Desde el punto de vista institucional, el nuevo escenario legislativo le otorga margen para negociar con gobernadores y bloquear embates opositores, aunque todavía está lejos de una mayoría propia. El Gobierno pretende aprovechar lo que sus asesores llaman “ventana de oportunidad”: ese breve lapso en que la euforia electoral puede traducirse en decisiones drásticas antes de que regrese el desgaste político.
Pero mientras Milei festeja el respaldo en las urnas, su gabinete se convierte en un campo de batalla. En las semanas previas y posteriores a los comicios, se acumularon renuncias resonantes, como la del ministro de Justicia, Mariano Cúneo Libarona, y la del canciller Gerardo Werthein, ambas vinculadas a diferencias de poder dentro del Ejecutivo.

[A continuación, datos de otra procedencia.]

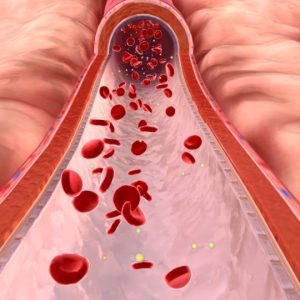 Lipid Disorders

Detrás de esas salidas se esconde una disputa cada vez más visible entre Karina Milei y Santiago Caputo. Ella, la hermana del Presidente y figura central en el armado político libertario, busca mantener su influencia sobre las designaciones clave. Él, asesor estrella y estratega de comunicación, intenta capitalizar el triunfo electoral para fortalecer su rol de operador con los gobernadores y con el Congreso.
Esa tensión interna, según fuentes cercanas al oficialismo, se filtró a la gestión cotidiana: decisiones que se demoran, ministros que no saben a quién responder y un clima de desconfianza que contrasta con la imagen de unidad que Milei intenta proyectar. “El Gobierno ganó poder, pero perdió cohesión”, resume un dirigente del propio espacio.
En paralelo, la economía sigue atravesada por el ajuste. La inflación cede lentamente, pero la recesión se profundiza. Los salarios reales siguen en caída y los indicadores sociales en rojo. En los barrios del conurbano bonaerense, el impacto de los recortes ya se siente con crudeza, mientras los movimientos sociales vuelven a organizarse para resistir.
Milei apuesta a que los resultados macroeconómicos —un eventual superávit sostenido y un repunte de la inversión— terminen justificando el sacrificio. Pero el riesgo político está a la vista: una interna feroz y una sociedad cada vez más golpeada pueden hacer que el impulso electoral se disipe antes de consolidar los cambios estructurales prometidos.
Por ahora, el libertario mantiene el control del discurso y la iniciativa. Sin embargo, la gobernabilidad real depende de dos frentes difíciles de alinear: el Congreso y su propio gabinete. Si no logra ordenar ambos, la victoria de octubre podría ser recordada como el punto más alto de su poder… y el inicio de su desgaste.